Conseguenze non intenzionali
Su The Sunday Times, Sir Lawrence Freedman analizza le ragioni del fronte del Leave, soprattutto quelle riguardanti i flussi di migranti e la pretesa dell’UE di sostituirsi alla NATO in materia di difesa comune, arrivando alla conclusione che far uscire l’UK dall’Unione non renderebbe nessuna delle due realtà più forte o più in grado di affrontare le sfide attuali alla sicurezza (siano esse poste dalla Russia o dall’ISIS), rendendole anzi molto più deboli. In caso di Brexit, la legge delle ‘conseguenze non intenzionali’ sarebbe messa a dura prova.
Brexit-Lexit
Ci sono alcuni esponenti della sinistra a favore della Brexit – quelli che propongono la cosiddetta “Lexit” – che, come racconta The Conversation, parlano dell’UE praticamente negli stessi termini degli esponenti conservatori: una “Unione di Schrödinger”. L’Ue sembra allo stesso tempo comunista e capitalista estrema, ha trasformato l’Europa in una fortezza ma ha aperto i suoi confini all’immigrazione di massa, i suoi pacchetti di aiuto alle nazioni in difficoltà del Sud Europa erano troppo avari di vero aiuto, ma allo stesso tempo costituivano un peso troppo forte per i contribuenti inglesi. Ehm, fare pace con se stessi, please.

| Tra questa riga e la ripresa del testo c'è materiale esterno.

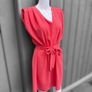 Pre Owned Estee Brown Coral V-Neck Padded Shoulder Mini Dress with Tie Belt Image 2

Johnny Hunter, cacciatore di migranti
Médecins sans frontières (MSF) lancia una miniserie in sei episodi che racconta in modo ironico e un po’ trash le “assurdità delle politiche europee sulla migrazione,” racconta Le Monde. Naufragi nel Mediterraneo, “crimine” di solidarietà, nascita di sempre nuovi campi profughi e di fin troppi muri, condizioni di sopravvivenza delle troppe persone condannate dai drammi della loro patria a vivere in condizioni di clandestinità e precarietà: tutto questo condito da politiche senza senso. Insomma, #JeNeSuisPasJohnny.
Storia di una rifugiata
“Ero una rifugiata, e vi assicuro che nessuno vuole davvero lasciare la sua casa,” dice Arta Dobroshi, attrice e produttrice che durante l’adolescenza è scappata dal Kosovo con la sua famiglia, finendo a dormire in campi profughi e cercando disperatamente di trovare una nuova casa in Europa. “La vita era normale,” finché la gente non si è ritrovata a scappare per strada inseguita dalla polizia, le scuole non sono finite sotto i bombardamenti, la vita è diventata impossibile.